At a committee meeting of the European Parliament this week, Jourová provided details of the replacement to the struck-down safe harbor framework, which until this month allowed people's personal information to flow across the Atlantic and into American servers.
She told the hearing the new agreement would move away from the previous self-regulatory approach to one that allows for "pro-active" enforcement and sanctions.
There will be an annual review of the new framework, including any access to personal information granted to the FBI and other US agencies on national security grounds.
And there will be "sufficient limitations and safeguards" to prevent mass surveillance, with judicial control over the process.
Her wishful thinking is timed perfectly for her visit to Washington DC next month for negotiations with the US government.
Jourová noted that inserting judges into the surveillance of Europeans' data was the "biggest challenge" in ongoing negotiations between the EC and US government officials.
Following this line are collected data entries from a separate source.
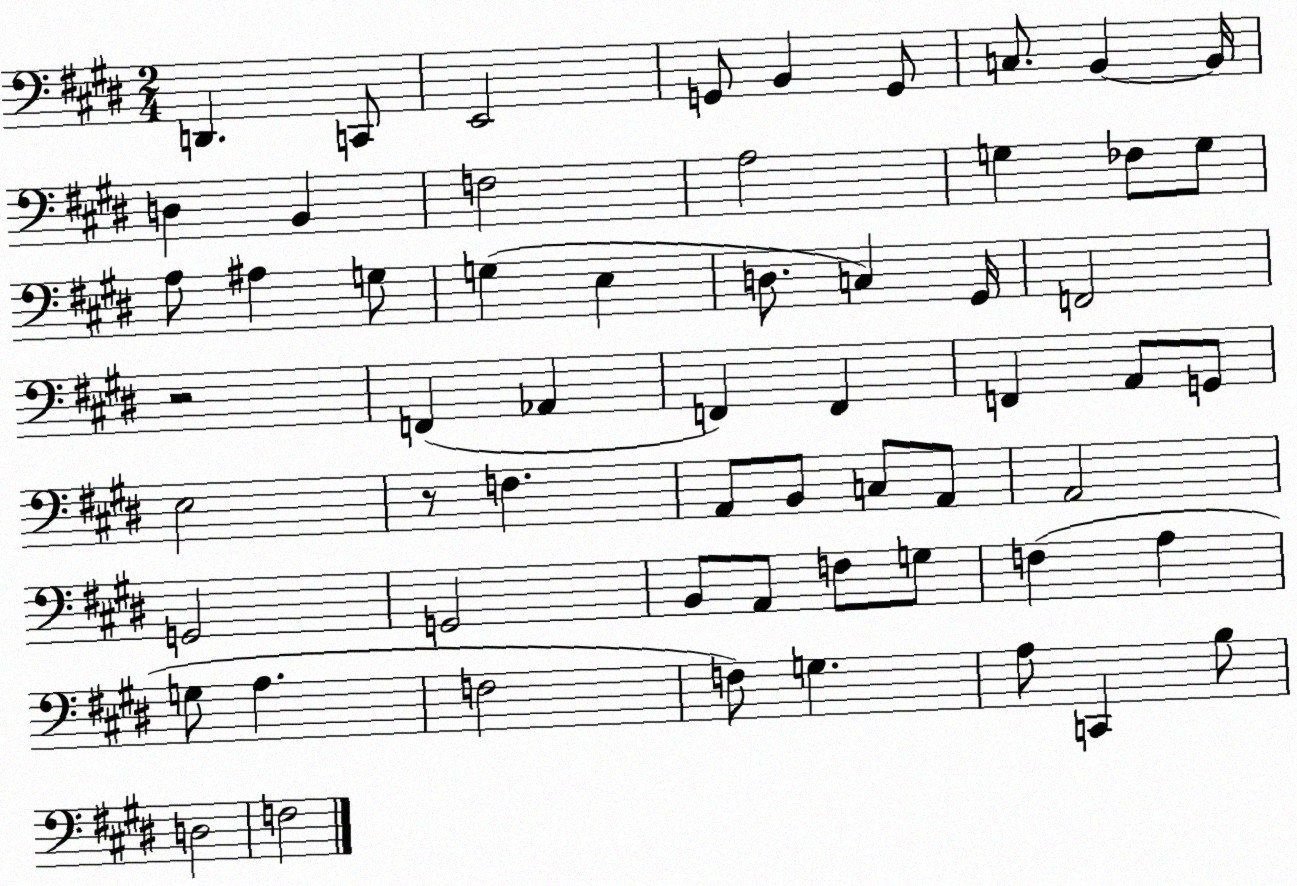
X:1
T:Untitled
M:2/4
L:1/4
K:E
D,, C,,/2 E,,2 G,,/2 B,, G,,/2 C,/2 B,, B,,/4 D, B,, F,2 A,2 G, _F,/2 G,/2 A,/2 ^A, G,/2 G, E, D,/2 C, ^G,,/4 F,,2 z2 F,, _A,, F,, F,, F,, A,,/2 G,,/2 E,2 z/2 F, A,,/2 B,,/2 C,/2 A,,/2 A,,2 G,,2 G,,2 B,,/2 A,,/2 F,/2 G,/2 F, A, G,/2 A, F,2 F,/2 G, A,/2 C,, B,/2 D,2 F,2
She noted, however, that there was broad agreement on changes and that she would be trying to finalize details in Washington next month.
On judicial oversight, Jourová noted that a law bill – approved by the US House of Representatives and soon to be introduced to the Senate – would extend judicial protection currently enjoyed by US citizens in the Privacy Act to EU citizens. Once approved, that bill would "be another important step in guaranteeing protection for data transfers," she argued.
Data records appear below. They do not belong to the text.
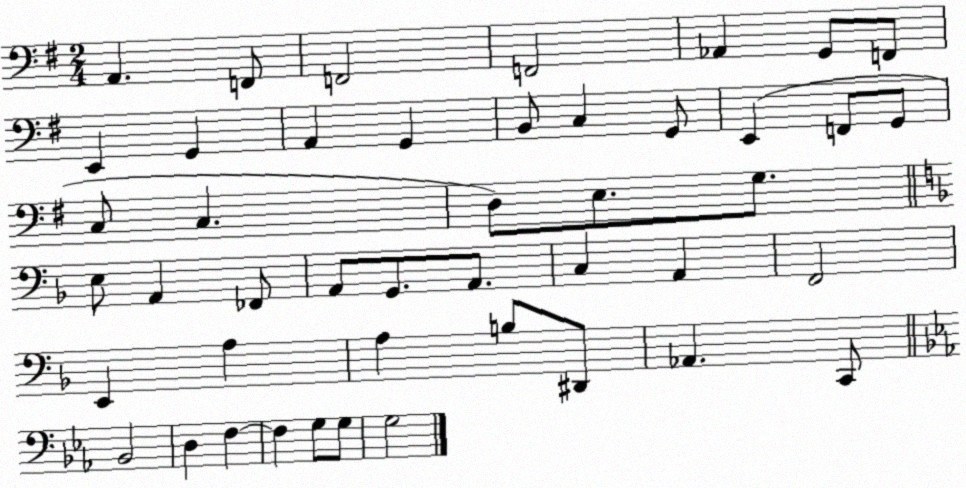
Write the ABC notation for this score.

X:1
T:Untitled
M:2/4
L:1/4
K:G
A,, F,,/2 F,,2 F,,2 _A,, G,,/2 F,,/2 E,, G,, A,, G,, B,,/2 C, G,,/2 E,, F,,/2 G,,/2 C,/2 C, D,/2 E,/2 G,/2 E,/2 A,, _F,,/2 A,,/2 G,,/2 A,,/2 C, A,, F,,2 E,, A, A, B,/2 ^D,,/2 _A,, C,,/2 _B,,2 D, F, F, G,/2 G,/2 G,2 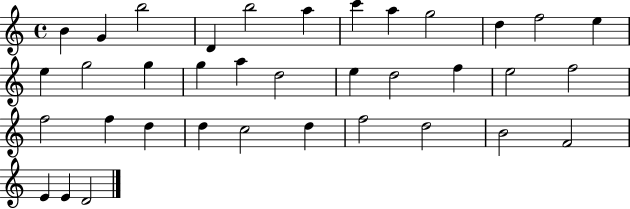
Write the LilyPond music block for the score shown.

{
  \clef treble
  \time 4/4
  \defaultTimeSignature
  \key c \major
  b'4 g'4 b''2 | d'4 b''2 a''4 | c'''4 a''4 g''2 | d''4 f''2 e''4 | \break e''4 g''2 g''4 | g''4 a''4 d''2 | e''4 d''2 f''4 | e''2 f''2 | \break f''2 f''4 d''4 | d''4 c''2 d''4 | f''2 d''2 | b'2 f'2 | \break e'4 e'4 d'2 | \bar "|."
} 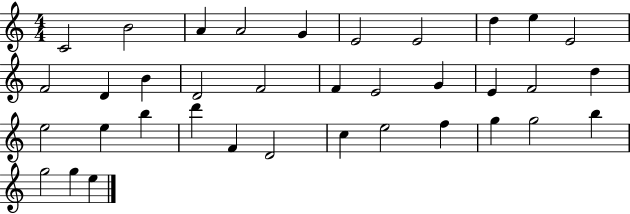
C4/h B4/h A4/q A4/h G4/q E4/h E4/h D5/q E5/q E4/h F4/h D4/q B4/q D4/h F4/h F4/q E4/h G4/q E4/q F4/h D5/q E5/h E5/q B5/q D6/q F4/q D4/h C5/q E5/h F5/q G5/q G5/h B5/q G5/h G5/q E5/q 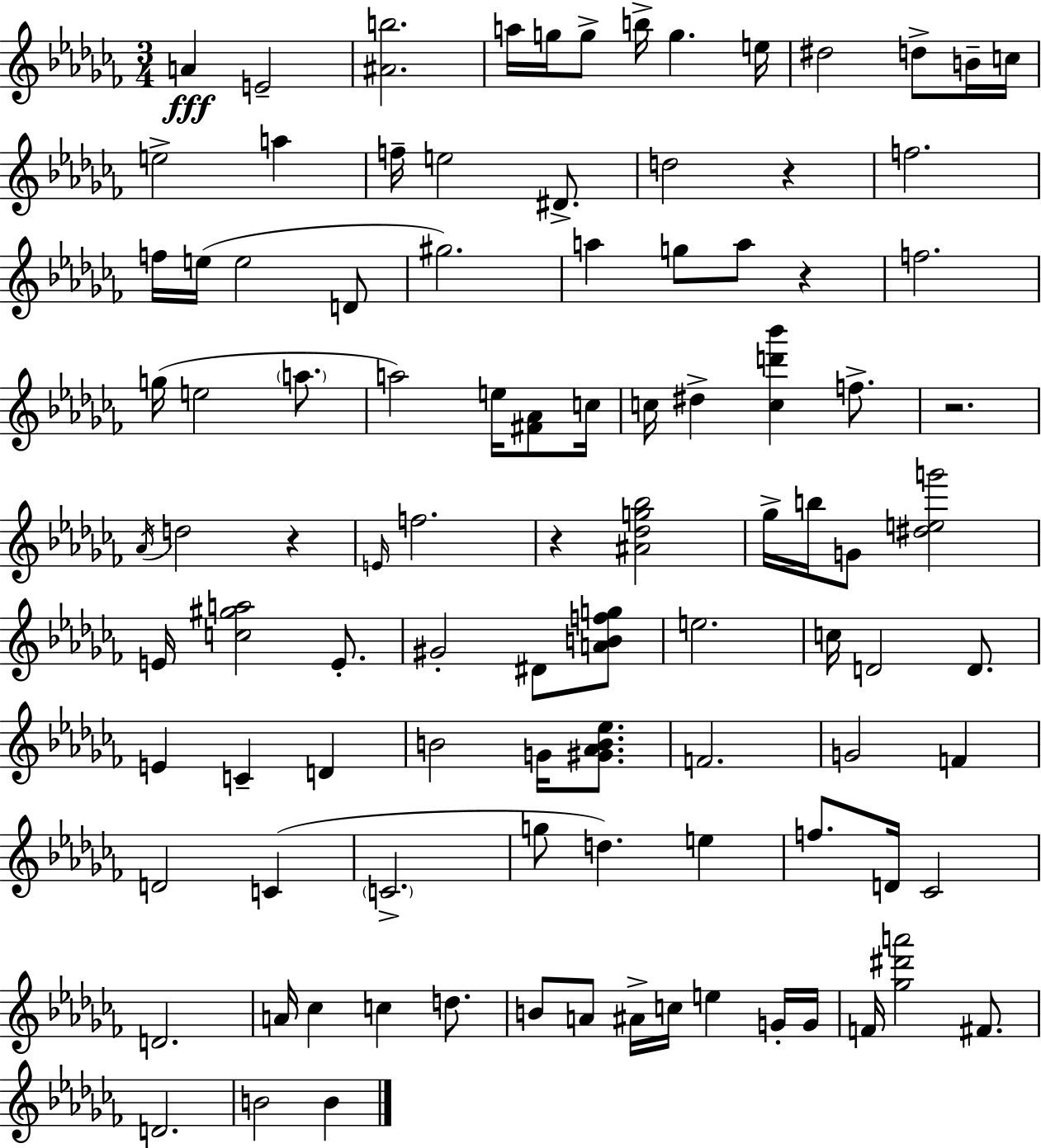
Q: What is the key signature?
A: AES minor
We'll spy on you a little bit less
Jourová then went into some depth over the changes that the US government has made to its surveillance programs.
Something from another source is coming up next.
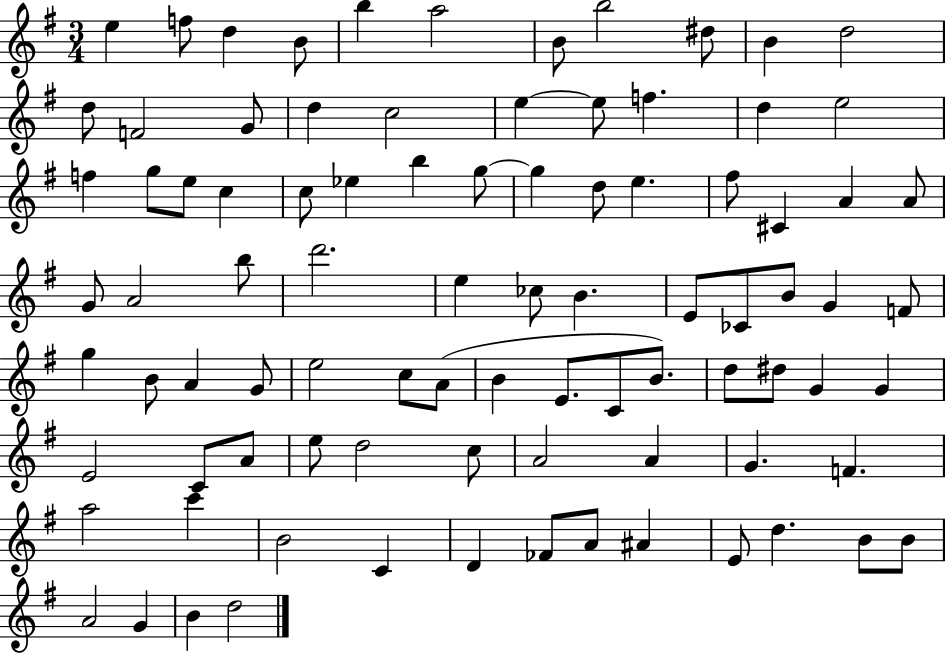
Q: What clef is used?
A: treble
"Following the initial surveillance revelations two years ago, which gave rise to the facts of the court case, the US has undergone a period of internal review as regards its national intelligence activities," she told the Committee on Civil Liberties, Justice and Home Affairs (LIBE). "This has led to reform steps such as the USA Freedom Act, but also the President's instructions to the whole intelligence community on surveillance and the need to take account of privacy rights of non-Americans."
She continued: "We have already seen some progress compared to the past in the direction of more targeted and tailored surveillance. Moreover, as for the use of data that have been collected, certain protections formerly reserved only to US persons have been extended to EU citizens, for instance as regards further dissemination or the period of retention."
The European Commission is still assessing the safeguards and getting "further clarifications," but in general sees the changes as "encouraging."
The commission expects to complete negotiations before the "deadline" of the end of January 2016 set by the Article 29 Working Party. But before that it will publish an "explanatory communication" providing "guidance" on international data transfers following the decision by the European Court of Justice earlier this month in favor of Max Schrems.
Under the new framework, Europe's national data protection authorities will have "a more active and visible role in the system than previously," Jourová said.